**** THE DATA

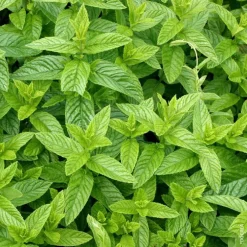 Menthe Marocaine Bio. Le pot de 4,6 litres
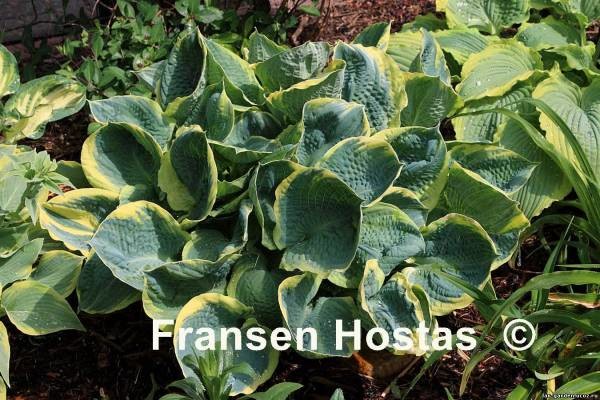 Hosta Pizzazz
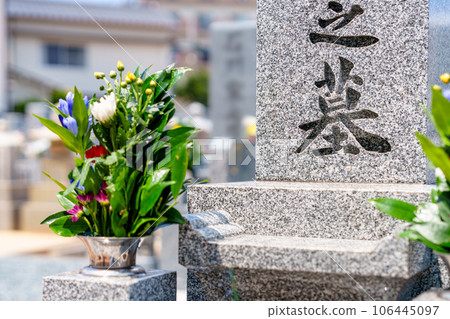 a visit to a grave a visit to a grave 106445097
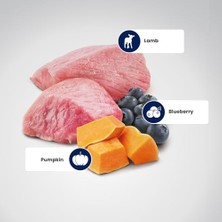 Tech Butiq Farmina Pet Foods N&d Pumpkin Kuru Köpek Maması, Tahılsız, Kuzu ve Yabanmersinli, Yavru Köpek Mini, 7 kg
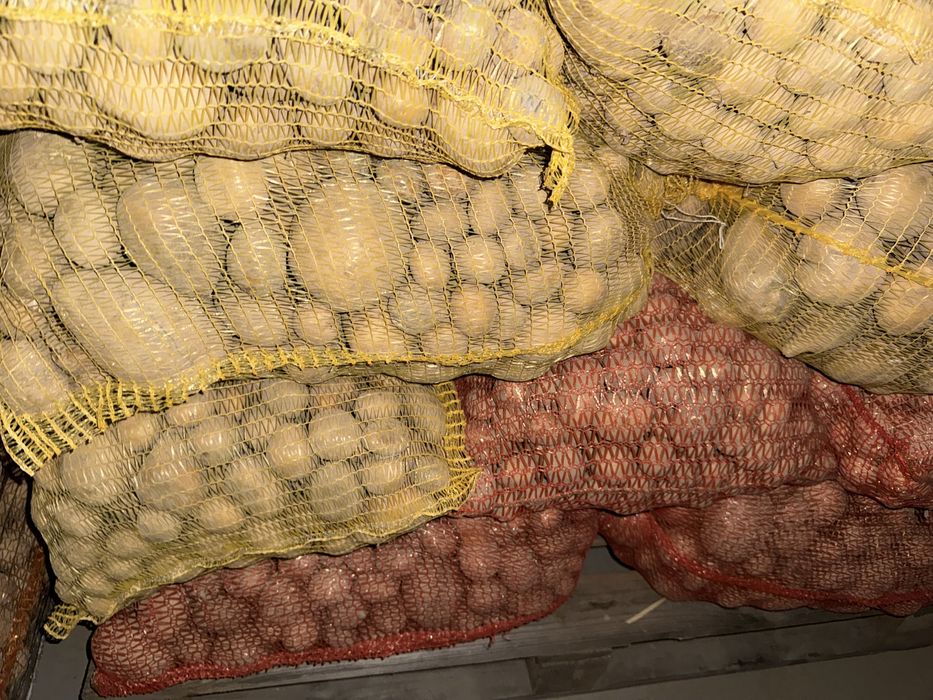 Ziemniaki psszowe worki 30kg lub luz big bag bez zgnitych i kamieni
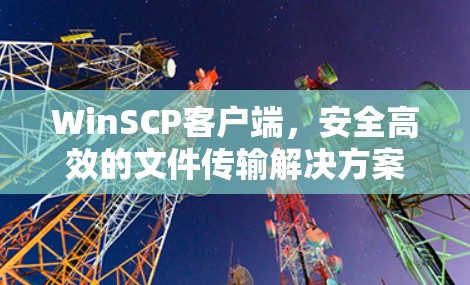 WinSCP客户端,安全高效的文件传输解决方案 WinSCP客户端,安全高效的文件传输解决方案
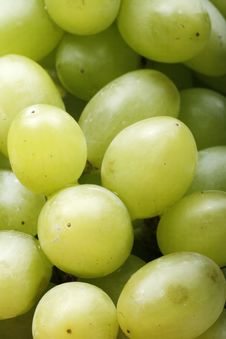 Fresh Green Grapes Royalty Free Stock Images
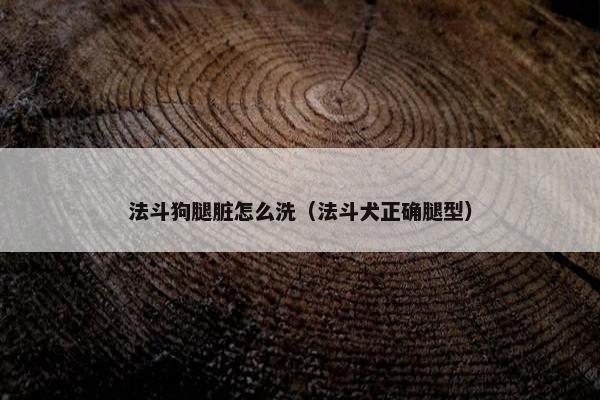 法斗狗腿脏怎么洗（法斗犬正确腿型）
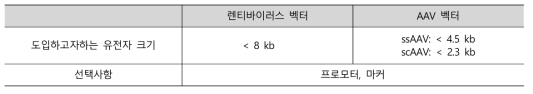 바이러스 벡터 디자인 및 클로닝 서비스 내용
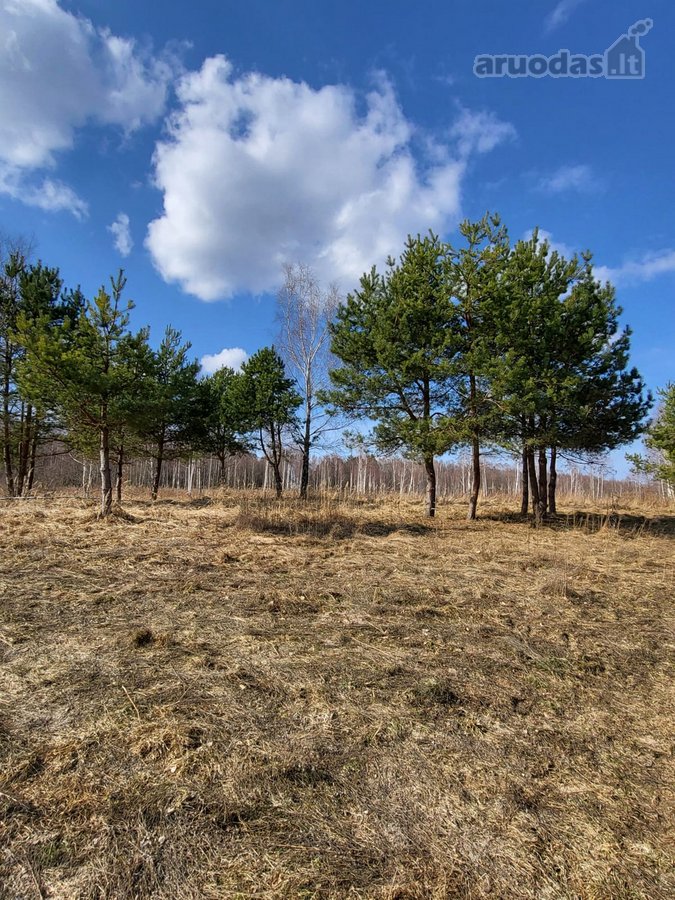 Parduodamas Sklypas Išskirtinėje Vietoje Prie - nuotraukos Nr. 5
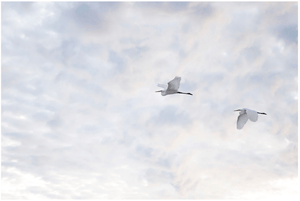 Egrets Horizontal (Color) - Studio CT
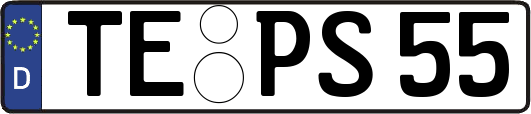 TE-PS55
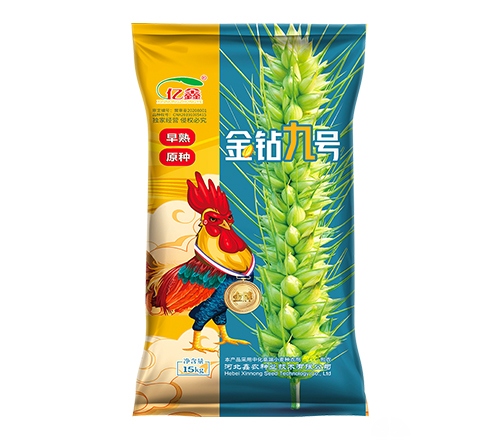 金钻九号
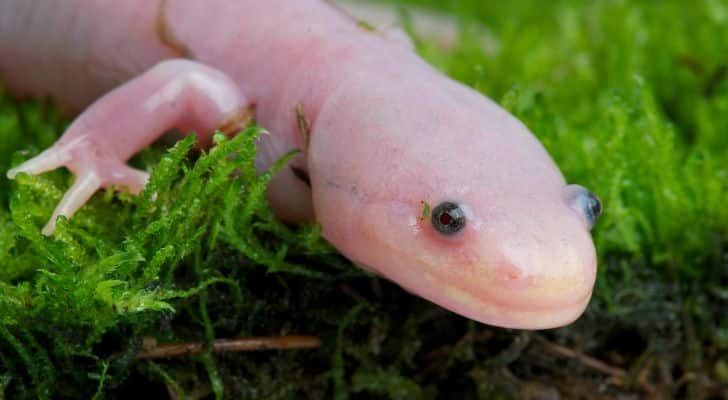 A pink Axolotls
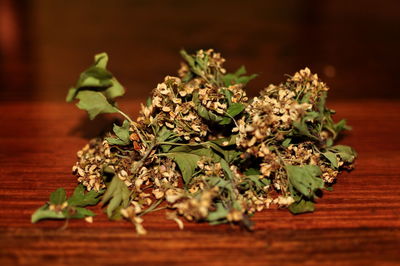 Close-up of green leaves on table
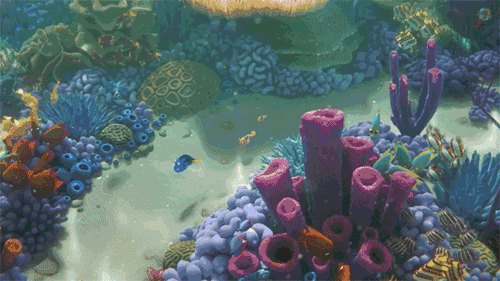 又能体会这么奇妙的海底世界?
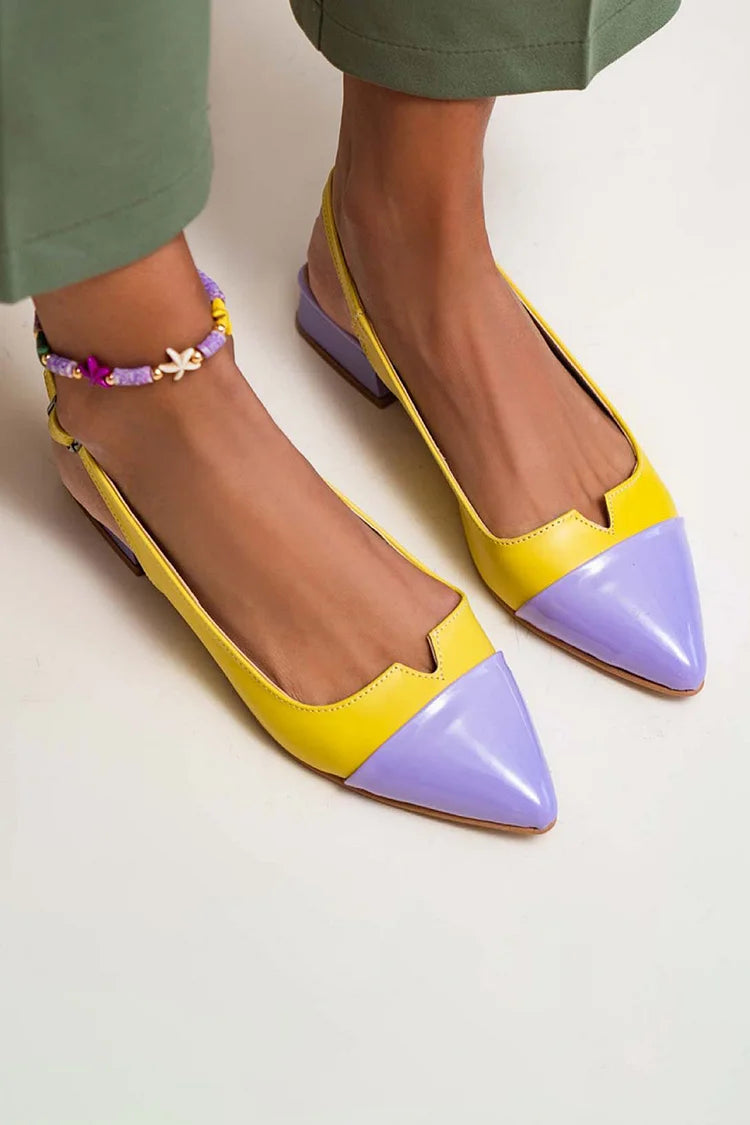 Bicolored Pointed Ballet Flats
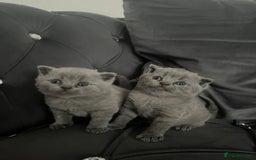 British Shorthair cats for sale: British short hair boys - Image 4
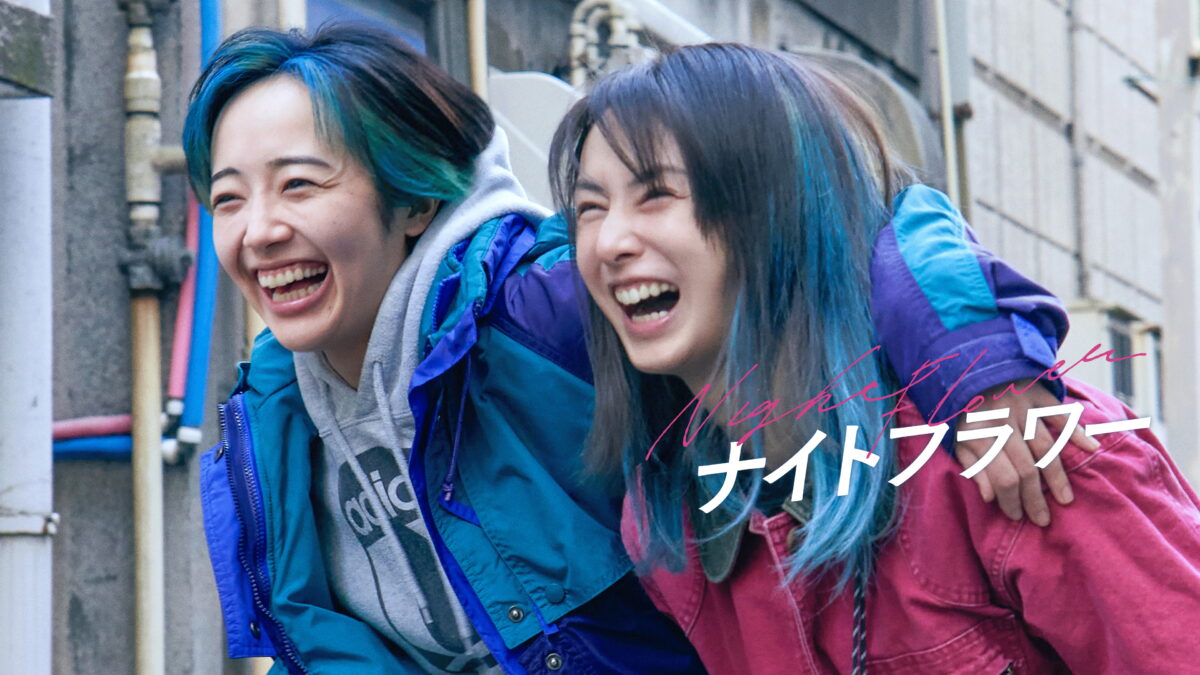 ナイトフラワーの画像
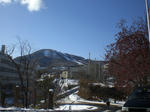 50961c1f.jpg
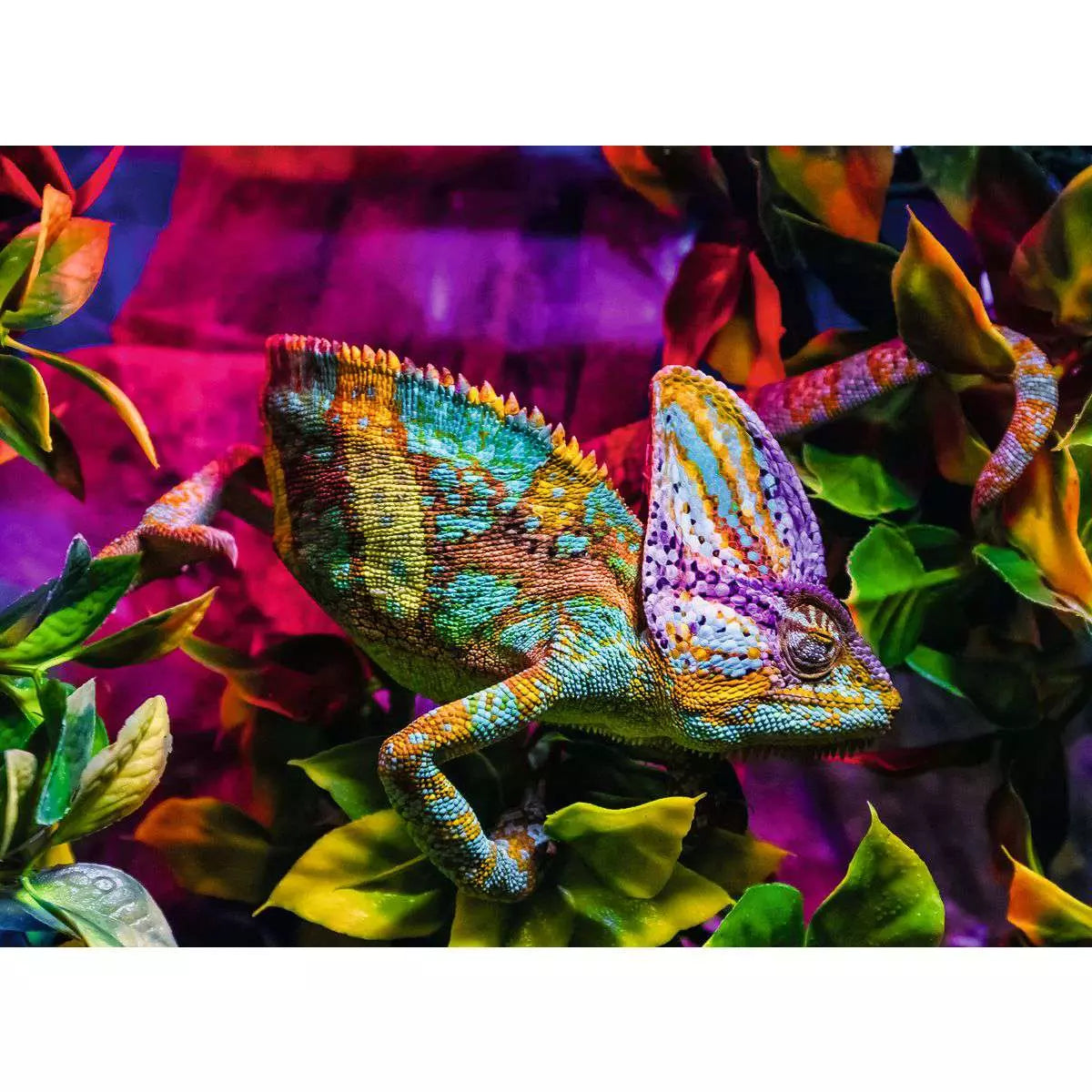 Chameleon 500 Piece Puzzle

********

### EXERCISE REQUIREMENTS
Pictures are to be omitted. The lines from the line holding "Bicolored Pointed Ballet Flats" through the closing line of the data above are to be set down exactly, and nothing more.

### YOUR SOLUTION
 Bicolored Pointed Ballet Flats
 British Shorthair cats for sale: British short hair boys - Image 4
 ナイトフラワーの画像
 50961c1f.jpg
 Chameleon 500 Piece Puzzle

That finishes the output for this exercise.